Yup, direct from the UK. Only took two days to get here after they shipped it. Pretty impressive. I guess the airlines are filling seats with cargo now


----------



## 1SweetRide (Oct 25, 2016)

Tone Chaser said:


> How effective is the adjustment at the back of the cab?


Very. My Orange Micro Dark was on a setting that made the cab bass heavy (like a subwoofer) once I flicked the switch, it just went to rich and full. The H&K doesn't provide much in the way of bass frequencies at all so I turned off the cut for it and it sounded glorious. Another factor was moving the cab from the floor (more bass) to a shelf (less bass). The switch let me quickly adjust for cab position without having to make any adjustments to the amp's EQ.


----------



## 1SweetRide (Oct 25, 2016)

Frenchy99 said:


> Nice looking!
> 
> Will have to read up on it.


This is the video that got me interested in it.


----------



## 1SweetRide (Oct 25, 2016)

Brian Johnston said:


> Curious to hear a sound comparison, if you can.

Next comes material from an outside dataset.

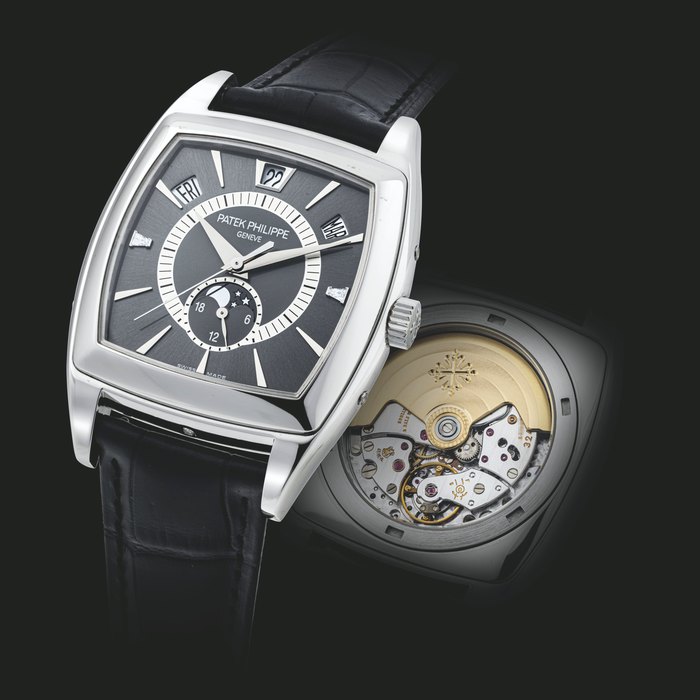PATEK PHILIPPE. A PLATINUM AND DIAMOND-SET AUTOMATIC ANNUAL CALENDAR WRISTWATCH WITH SWEEP CENTRE SECONDS, 24 HOUR INDICATION AND MOON PHASES REF. 5135, CIRCA 2008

I've since moved my other cab to the living room and it's hooked up to an iPad-based interface so it wouldn't be easy. Check the video I linked above. All I can tell you is that it's small, light and puts out the tones and volume of a 212 but with a much wider spread of sound. Might not be ideal for a band on a small stage unless the other musicians don't mind hearing your amp in a way they never have before. Key points of this thing:

It's small as you can see in the photo with the two amp heads
It puts out more sound pressure for the same volume settings as my other cab
It's as loud and full as my 212 cabinets
It's as harmonically rich as an FRFR speaker but geared for guitar. You won't feel that you're missing your normal guitar cab.









Reformer 112


Barefaced Audio 1x12 guitar loudspeaker cabinet. Lightweight and loud, with AVD technology. As seen in Sound on Sound Magazine.




barefacedaudio.com





They also make a 212 which would be crazy given what this 112 can do.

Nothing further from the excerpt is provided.